Turmoil in the sector results in not a single Indian IT company featuring on this year's list

Published: Sep 21, 2017 06:20:47 AM IST
Updated: Sep 20, 2017 03:26:48 PM IST

On hold: Economic trends and political factors have been a downer for the technology sector
Image: Rupak De Chowdhuri /Reuters


 
Indian information-technology (IT) companies have been a mainstay of the Fab 50 since we began the list in 2005—until this year. Some continue to churn out good results, but not one of them is performing well enough to make the list this time. That’s a reflection of the turmoil in the sector, which is roiled by economic and political factors ranging from tighter rules for work permits in the US, Singapore, Australia and New Zealand to the planned exit of the UK from the European Union.

A strong rupee and weak IT spending in industries such as retail aren’t helping either. Meanwhile, automation and digitisation are eliminating jobs and changing job descriptions across the sector, leading to a huge need for retraining.

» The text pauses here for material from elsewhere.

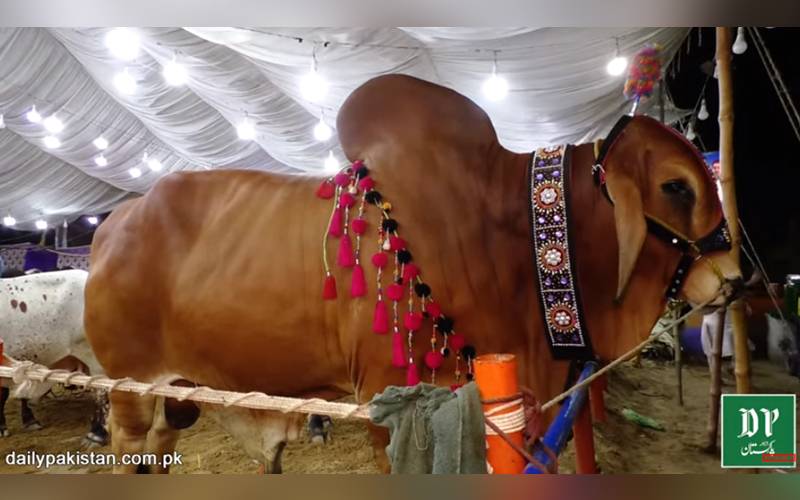 کراچی کی مویشی منڈی کا 'شیرو' جسے دیکھنے لوگ دور دور سے آتے ہیں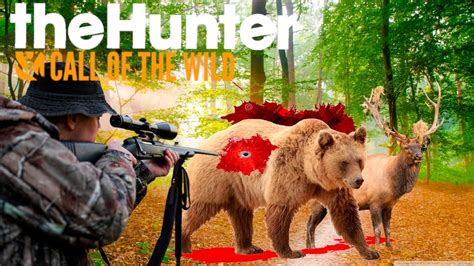 The Hunter Call Of The Wild BIG Bears YouTube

India’s $154-billion IT industry—employing 3.9 million people—expects lower export growth of 7-8 percent this year, compared with 8.6 percent last year. Indian companies rely heavily on the US market, but growth there has slowed. Banking and financial services, big contributors to IT industry revenue, have seen tepid growth.

So for the first time it’s a no-show this year for India’s top five. They’ve each made the list multiple times: Tata Consultancy Services (8 years), Infosys (6), HCL Technologies (6), Wipro (5), and Tech Mahindra (3). Even Satyam Computer Services cracked the list twice before it was felled by the largest fraud in Indian corporate history and sold to Tech Mahindra in 2009.

In the past year, TCS—India’s largest IT company—saw 6 percent revenue growth to $18 billion while net profits also grew by 6 percent to nearly $4 billion. Infosys, the second-largest, recorded a 4 percent rise in net profits. Wipro saw a 7 percent drop in net profits while Tech Mahindra experienced an 8.2 percent dip.

HCL Tech performed the best—registering 13 percent growth both in revenue and net profits—but the showing wasn’t strong enough to return it to the list this year. “This period of lower revenue growth has been playing out over four years—the growth was 14 percent in fiscal 2014 and it’s 9 percent this year,” says Ashish Chopra, research analyst at Mumbai’s Motilal Oswal. “Cloud, digital and automation technologies are allowing clients to optimise their IT budgets for existing work.”

In fact, TCS, Infosys and Tech Mahindra all saw a net reduction in their workforces for the quarter ended June 30. Analysts say this kind of shake-up is nothing new in the IT industry. But the magnitude is worrisome. IT industry body Nasscom projects that in three years, nearly a third of the workforce will be irrelevant and at least half of the remainder will need to be retrained.